OK…the phrase here is how low can you go..think about it…we’re at the point where we should have Federal Budget Surpluses but we’re running huge budget DEFICITS….so how can we finance them…how about we get rates toward zero….the Fed may cut but I’d bet they know they need to inject liquidity (balance sheet expansion right now)……the last time we had a panic into Treasuries the yield went to 1.4% and snapped back to 2%…..when we get clarity or a break in the action…one view is you will be left with easy access to consumer loans…pent up demand…a supply chain that could cause scarcity & higher prices….a huge snap back in growth and rates near zero on 2-10 year paper….if all these profits that huge amounts of bond players are sitting on want to actualize (sell)…who’s going to buy (maybe the Fed?)…we are now seeing what happens ( in stocks) when a hugely populated bulls party ends with the scream of FIRE! Liquidity is an issue as ORDER IMBALANCES expose inefficiencies in the financial system. If you’re in enjoy the ride and the yields you locked in but we said the trend is UP on TLT for a long while now but the 200 day average is in area 138 and we trade 155….a move between say here to 165 could be a time to fade.

US Dollar

We’ve been talking trading range here for more than a year and recently we peeked out above 9950 DXY…but 100 is the real Wall….and the about face from that area reinforces that belief…..if we close above 100 the risk of a melt up exist (98 area now)…otherwise our opinion is Fed printing & huge budget deficits..Admin desire for weaker dollar..makes south bound logical. Yen Pound Euro ect…..all paper currencies look a bit questionable currently.

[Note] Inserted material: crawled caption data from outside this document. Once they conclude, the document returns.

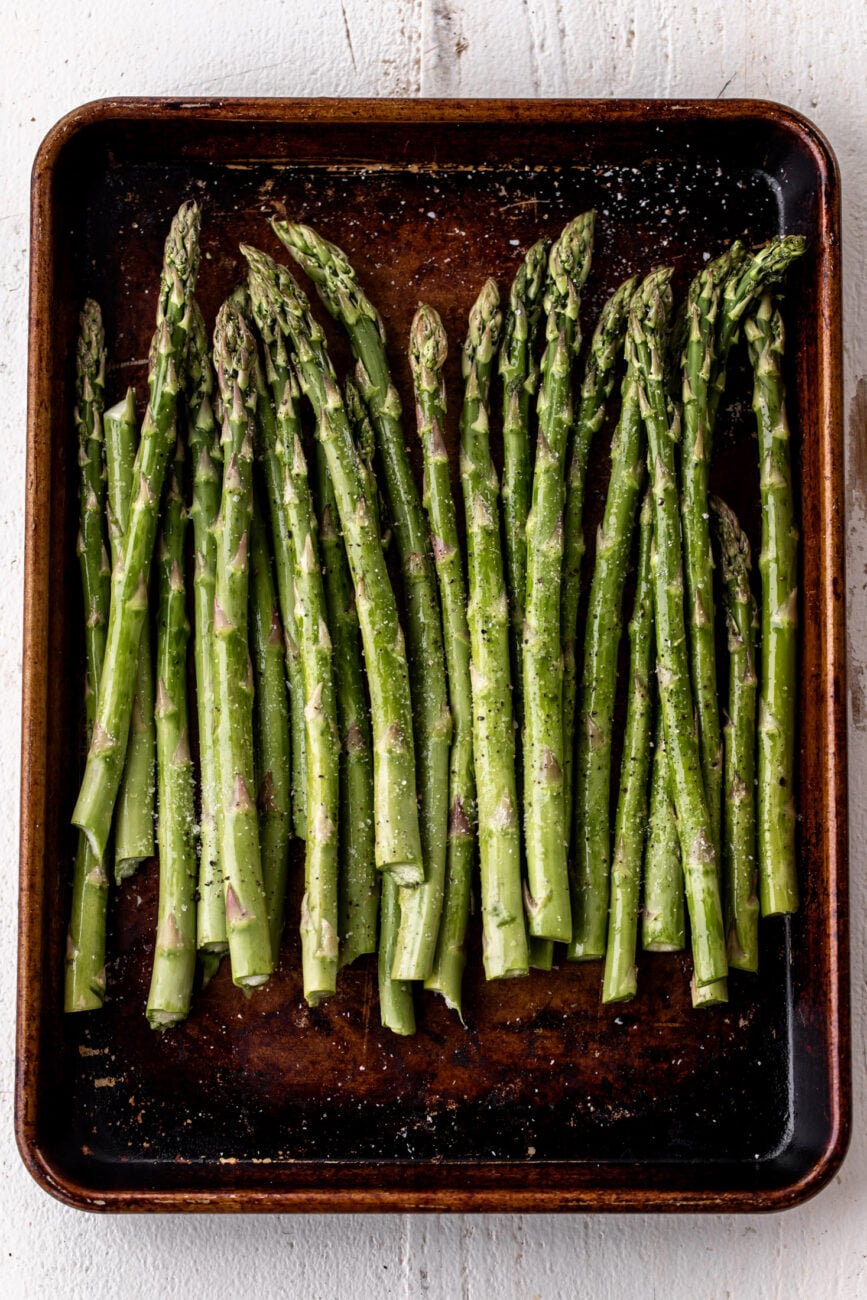 asparagus tossed in oil on baking sheet.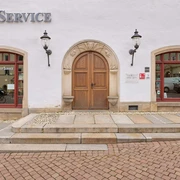 Canalettohaus Pirna Weiße Fassade mit brauner Holztür, flankiert von zwei roten Fenstern mit "Tourist Service"-Schriftzug, und zwei Laternen an der Wand.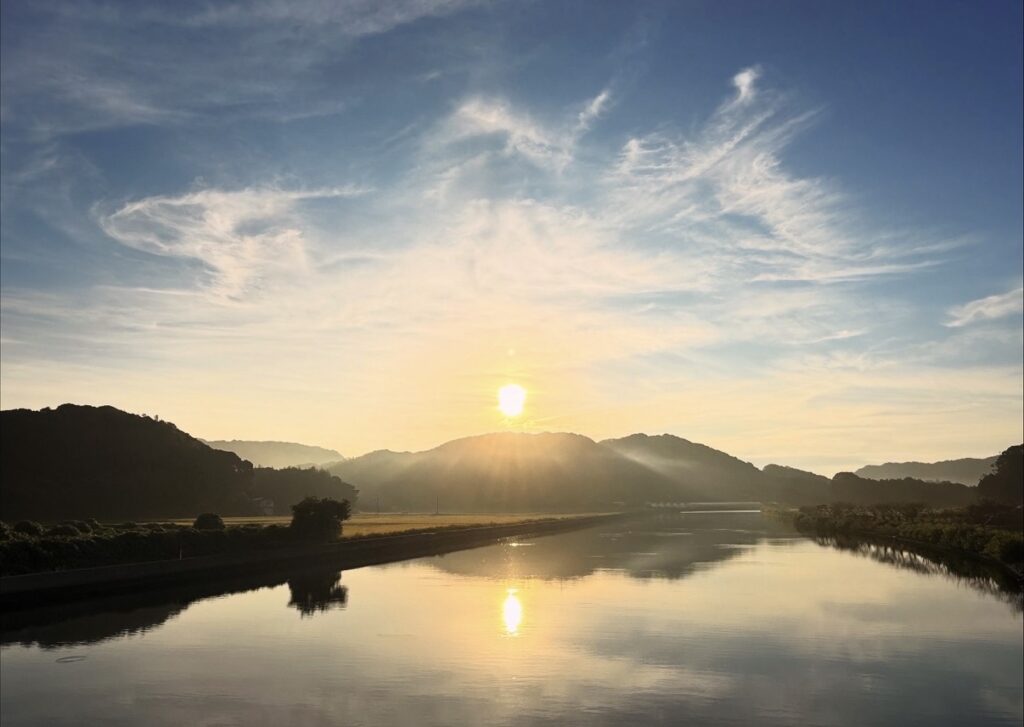 逆光で山々を“縁どり”、朝陽を水面に映す。空の面積を多めに取り、雲形を主役に構成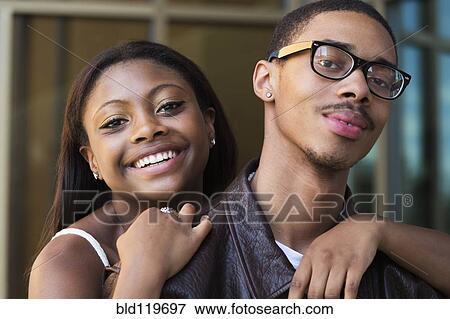 Stock Photo - Black couple smiling outdoors. Fotosearch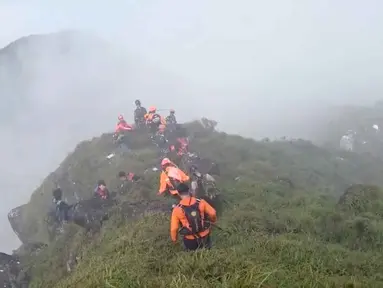 Dalam foto yang disediakan oleh Badan Nasional Pencarian dan Penyelamatan Indonesia (BASARNAS), anggota tim penyelamat melakukan operasi pencarian di sekitar Gunung Bulusaraung, Provinsi Sulawesi Selatan, Indonesia, Sabtu 17 Januari 2026. Minggu 18 Januari 2026, Tim SAR gabungan berhasil menemukan badan pesawat ATR 42-500 di kawasan Gunung Bulusaraung, wilayah perbatasan Kabupaten Maros dan Kabupaten Pangkep, Sulawesi Selatan. (BASARNAS via AP)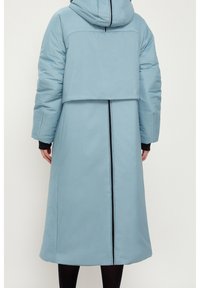 Cappotto piumino lungo con cappuccio in tessuto azzurro chiaro, colletto alto, zip nera sul retro e polsini a coste. Presenta un taglio ampio.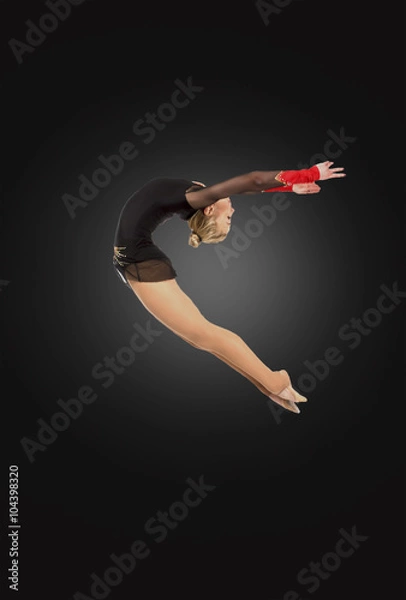 Obraz Professional gymnast  jumping in studio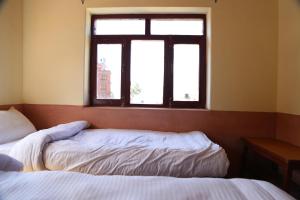 1 dormitorio con 2 camas y ventana en Himalayan Paradise, en Muktināth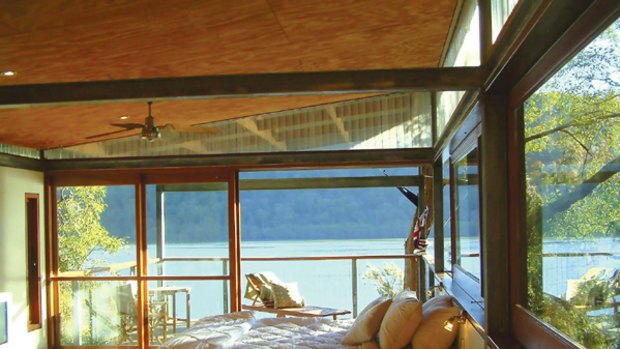 Among the gum trees. . . the bedroom opens out to a deck at the Tree House.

OPEC meets this week and as we warned you after the big guys (Saudis) ran the prices to 66 bucks a barrel so they could sell the ARAMCO deal prices could slide back down and a break under 50 could send us sliding if OPEC can’t get uniformity in reducing supply (also said Jan gets a lot of pension buying in stocks & maybe stocks will do like oil after all those monies are in) So Now…let’s see if 40 bucks can hold and if the Saudis can get cooperation on cuts…the oil stocks have gotten so far under their 200 day moving averages & their yields have gotten so high that either they are becoming a Good Buy or they will become a Bye-Bye….electric cars coming…gas is here.Watch RDS.A BP XOM CVX SLB HAL VLO KDI and many more for clues

Gold Silver Copper

We have been all over Gold since it broke 1350 and we told you of Tudor Jones forecast of 1700 per oz…after the move to 1600 we told you of overbought conditions and a possible pull back to 1450-1400 area and a renewed move to the target 1700…we told you of GDX above 17 and 22 and resistance around 30….so now we are pulling back the short term excesses in both Gold & Silver (weaker because of industrial demand stumble)…..what now…we test support 1550-1575 then 1500-1450 and long term averages point to 1375-1400 worst case if we are to remain bullish…if you believe higher prices are ahead because of easy credit..huge deficit spending and a Fed who dreams of inflation & an administration who craves a weaker dollar and worldwide insanity on monetary policy..the obviously you’d see bargains on the dips and plan accordingly.

Grains & other

Here comes more subsidies (not socialism of course because it comes with votes)…and the demand side is on it’s ear…watch for planting & growing news to increase volatility…..tough times sometimes don’t last forever

REMEMBER There is a substantial risk of loss in option trading and short term trading and it is not right for everyone. Consult your brokerage firm, broker, advisor to determine your own suitability.. Past performance is not necessarily indicative of future results. USE RISK CAPITAL ONLY.